# EXERCISE DESCRIPTION
Of the material below, the lines to be retyped are those from the line containing "Days Inn & Suites by Wyndham Airport - 25" through the line containing "Новый Toyota RAV4 2025 (14 фото)", inclusive; reproduce them exactly.

# INPUT DATA
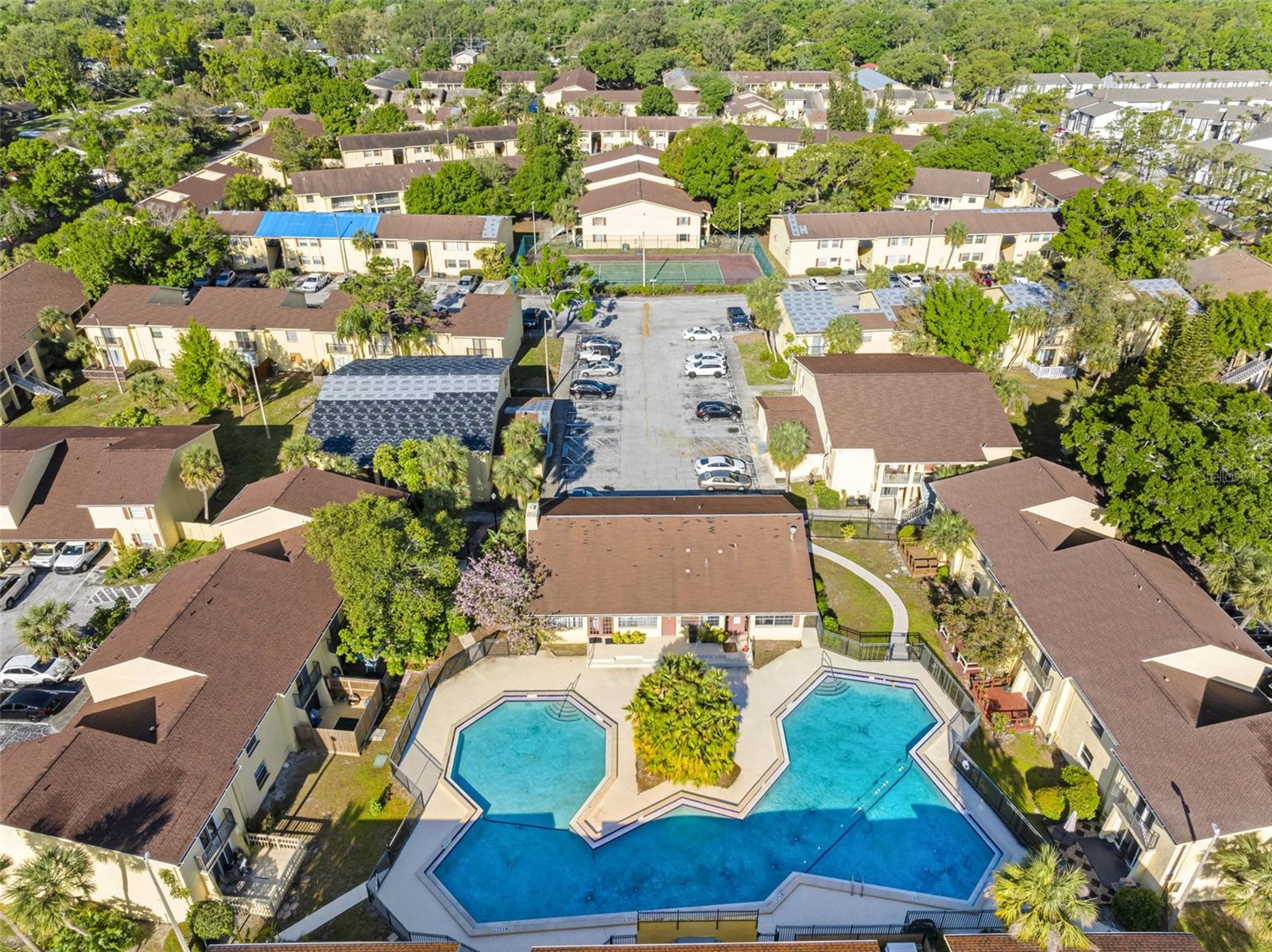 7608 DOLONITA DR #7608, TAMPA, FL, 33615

...

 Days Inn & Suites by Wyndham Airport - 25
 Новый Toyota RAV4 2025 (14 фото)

---

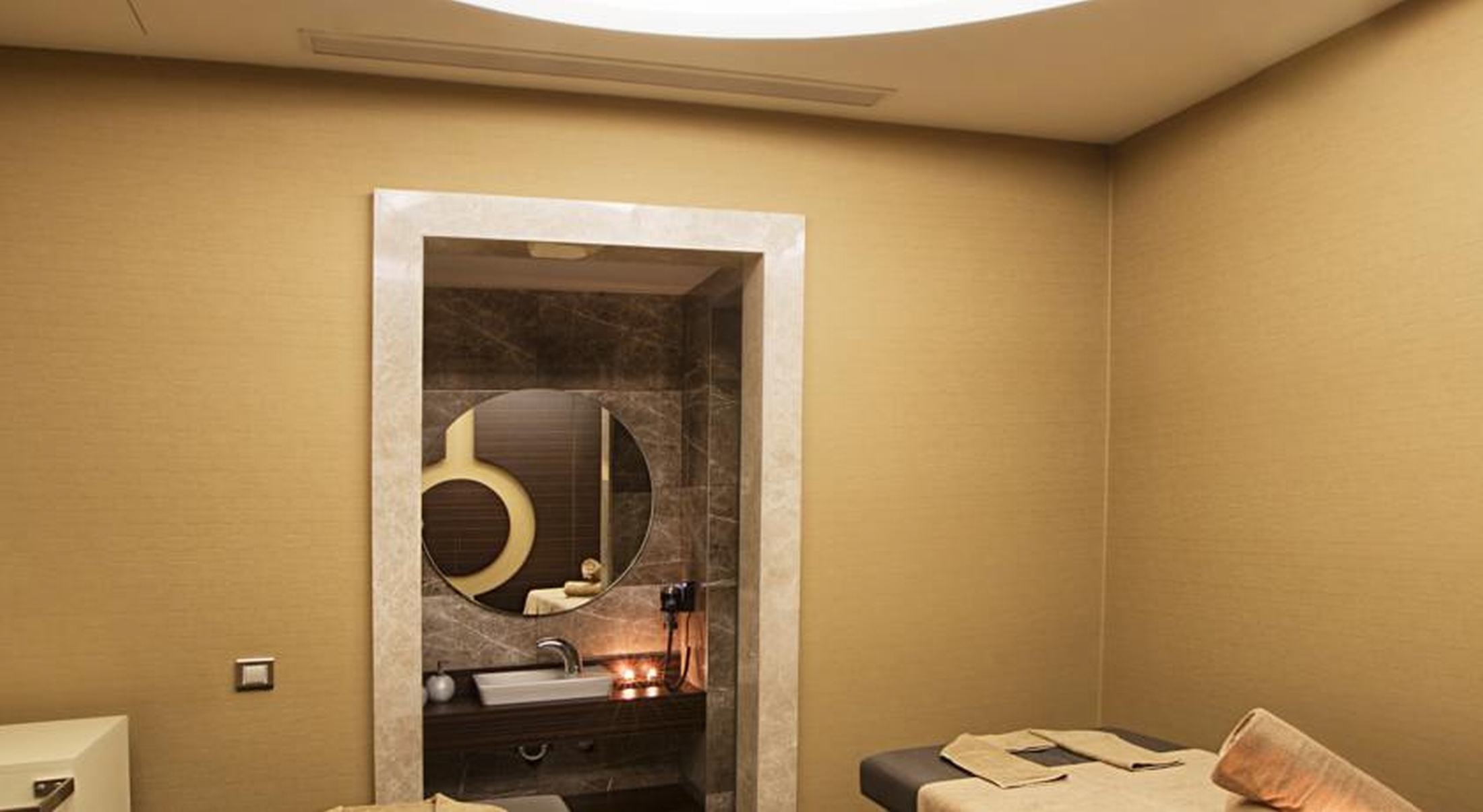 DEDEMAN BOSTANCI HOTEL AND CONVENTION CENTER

# REPLY TO THE EXERCISE
 Days Inn & Suites by Wyndham Airport - 25
 Новый Toyota RAV4 2025 (14 фото)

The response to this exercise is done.